The carefully chosen pieces should be planed flat on the bottom surface. The pieces should not rock on your flat workbench.

Put them together and plane the upper tops as well to see clearly the where they meet.

Check, that both the pieces put together have sufficient width and height at the centerjoint.

Plane the sides at right angles to the bottom surface.

The initial planing of the joint edges can be carried out on a shooting board but later on you have to do the final planing by hand with the piece in the vice.

Clamp one end of the piece in the vice and support the other with a block of wood making sure that the piece wont bend while planing.

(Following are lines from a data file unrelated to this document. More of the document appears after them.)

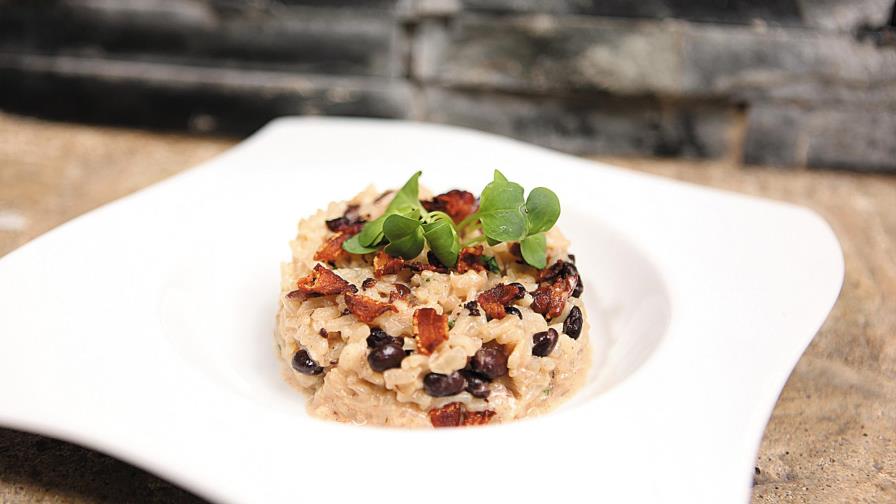 Risotto de habichuelas negras, tocineta y cilantro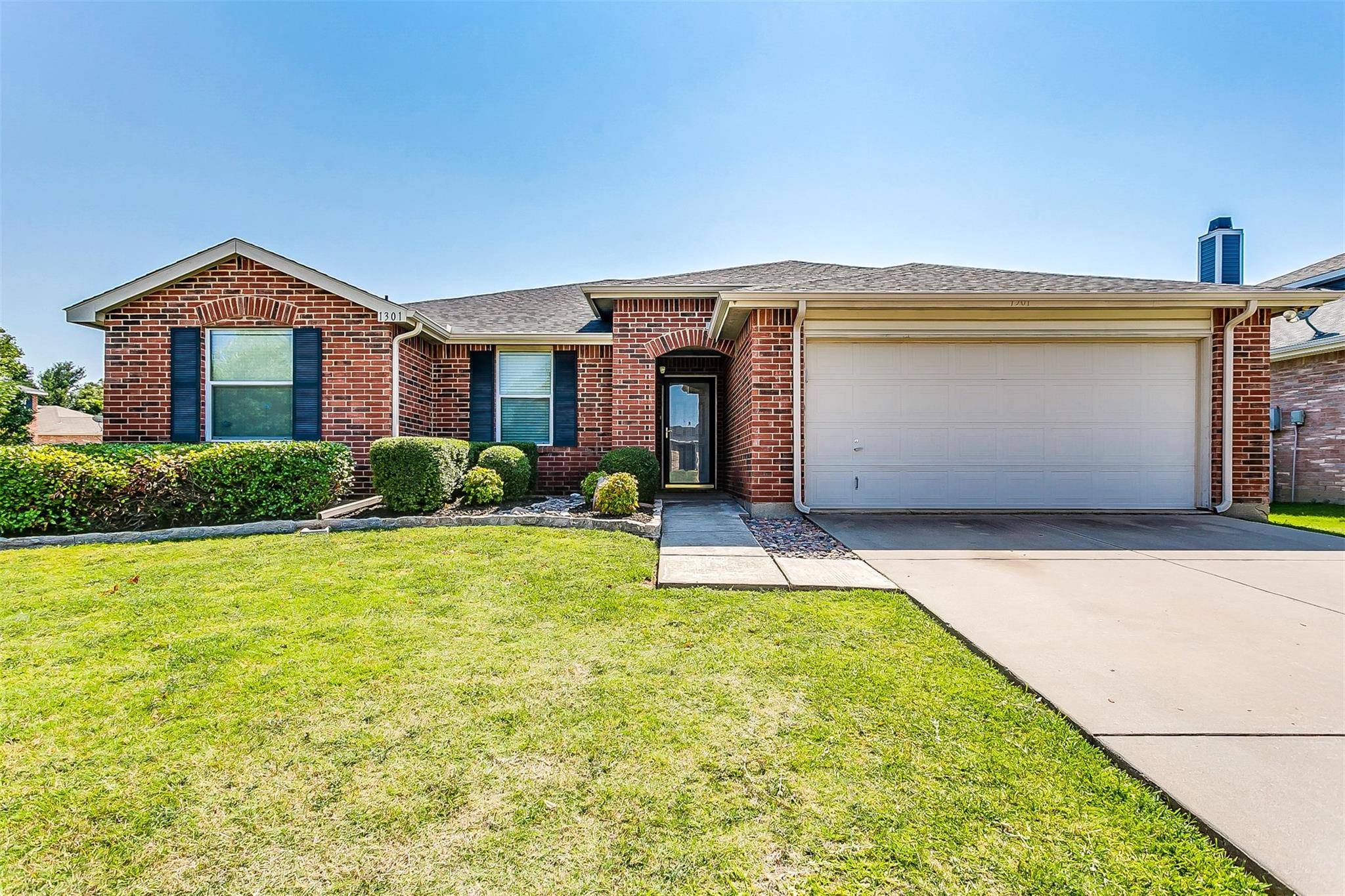 Burleson, TX 76028,1301 Cherokee Rose Lane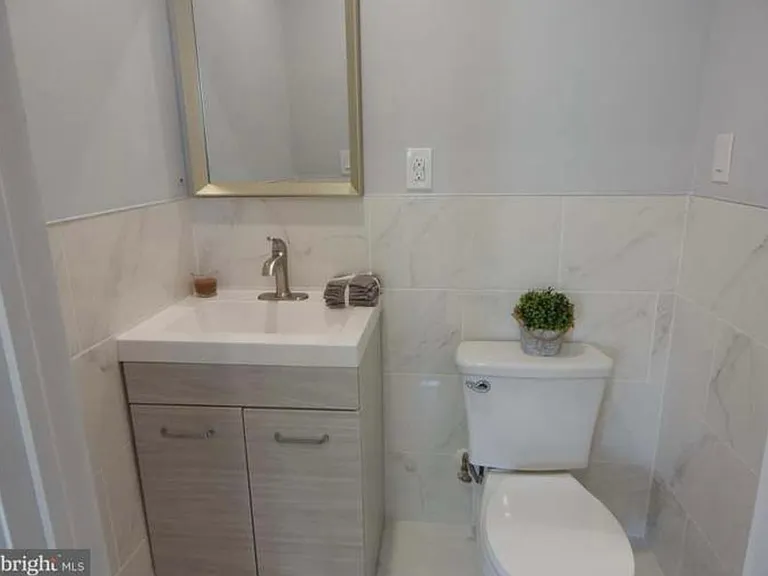 6625 N Gratz St — Photo 11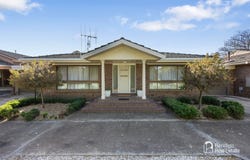 2/21 Steane Street, Kennington, Vic 3550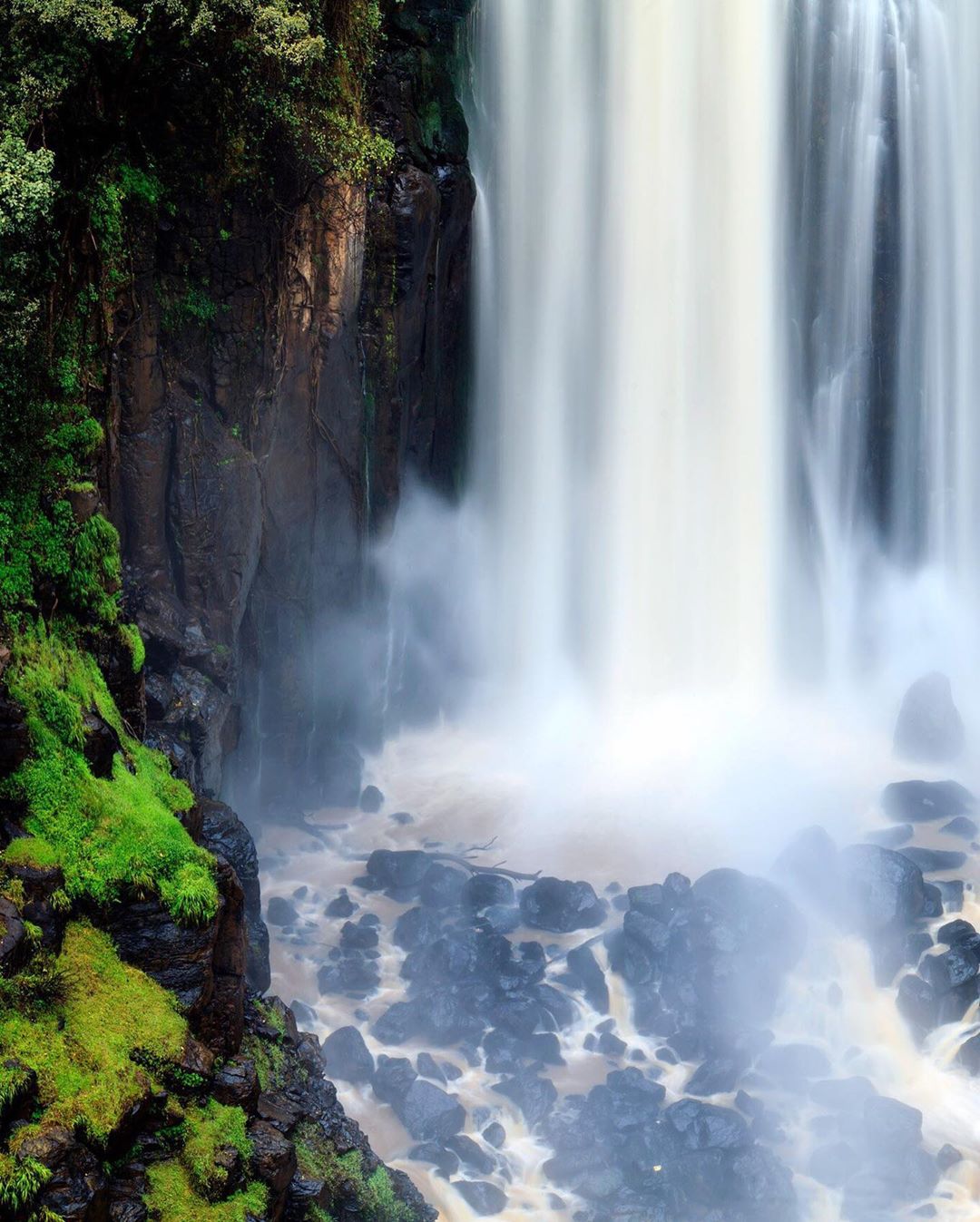 waterfall natgeo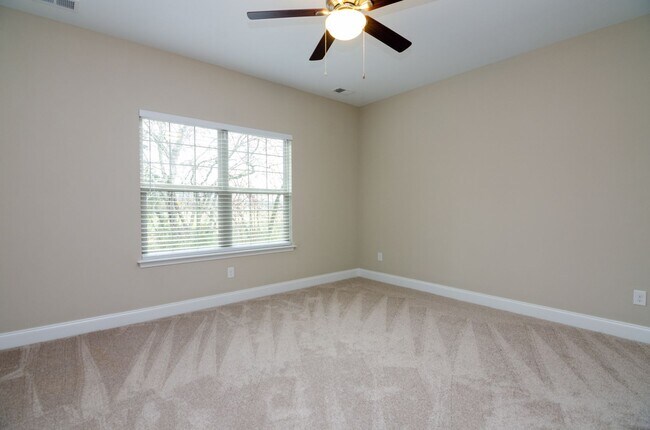 Building Photo - 2045 Moultrie Cir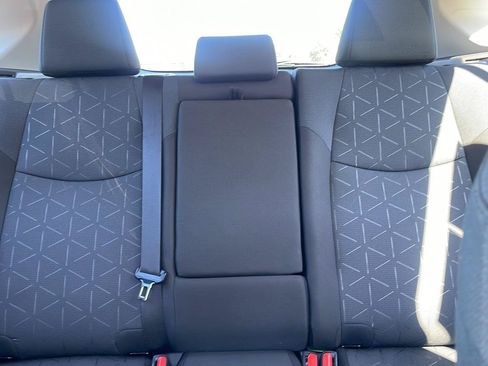 Used 2025 Toyota RAV4 XLE FWD image 29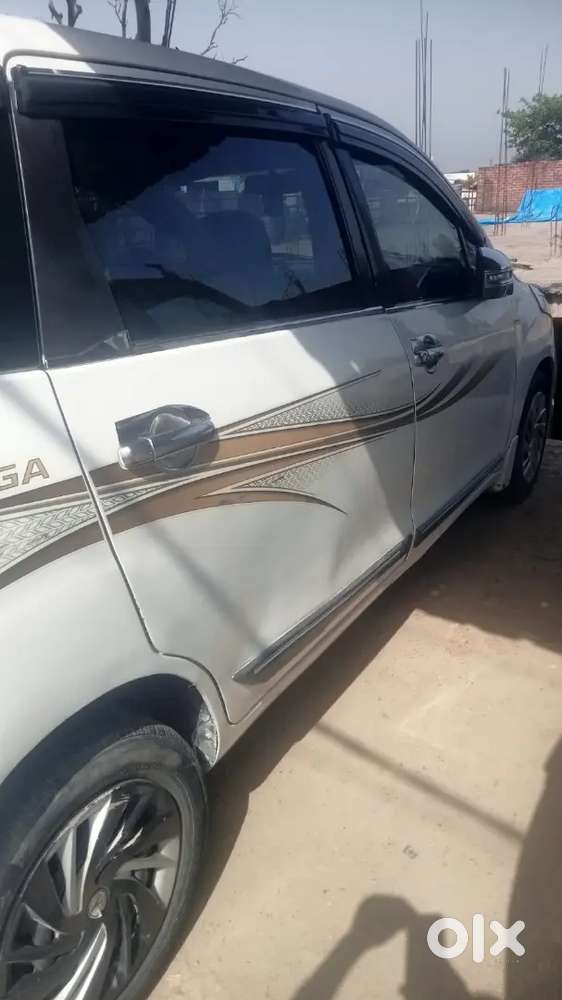 2016 Maruti Suzuki Ertiga Anniversary Edition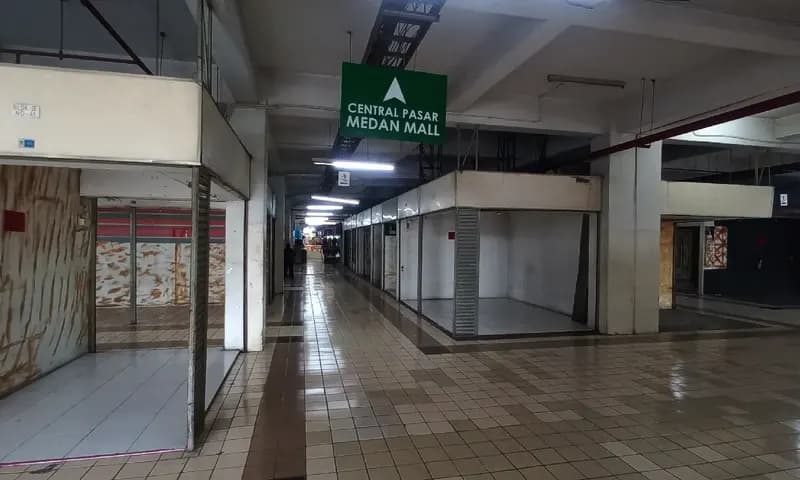 Kondisi kios-kios di Pasar Central Medan yang memilih tutup akibat sepi pembeli. (Foto: PARBOABOA/Susanna Hutapea)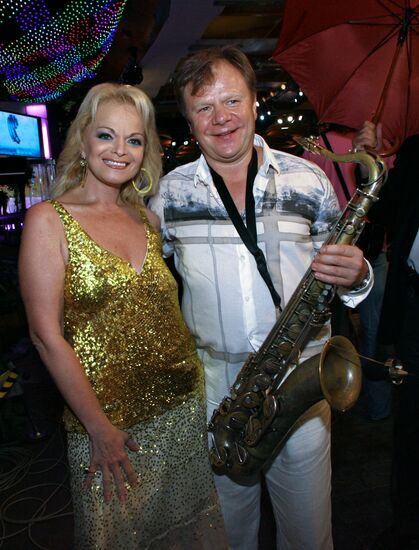 Larisa Dolina, Igor Butman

Check the inner edges with a square. Both edges must be at right angles to the bottom surface along the whole length. No twist. Use a source of light positioned behind the joint.

Bring the two edges together and check for gaps and rock.

If there is too wide a gap in the middle, correct this with a no 6 plane.

Once corrected, use a smaller plane to create a small gap widening towards the center. Just a little light must pass through, but it must be there. The ends have to be aligned as perfectly as possible, no rock, no light passing through.

Marking the outline
 (image: http://www.makingtheviolin.com/images/5_3.png) 5.3

Align the ribs with the back so that the centerlines match.

Mark with a 1cm long line the very top and bottom of the ribs.

Remove the ribs and make crosses on the centerline about 4mm inwards beyond the top and bottom marks you just made.

Drill through the whole thickness of the back two 2mm holes at those two points.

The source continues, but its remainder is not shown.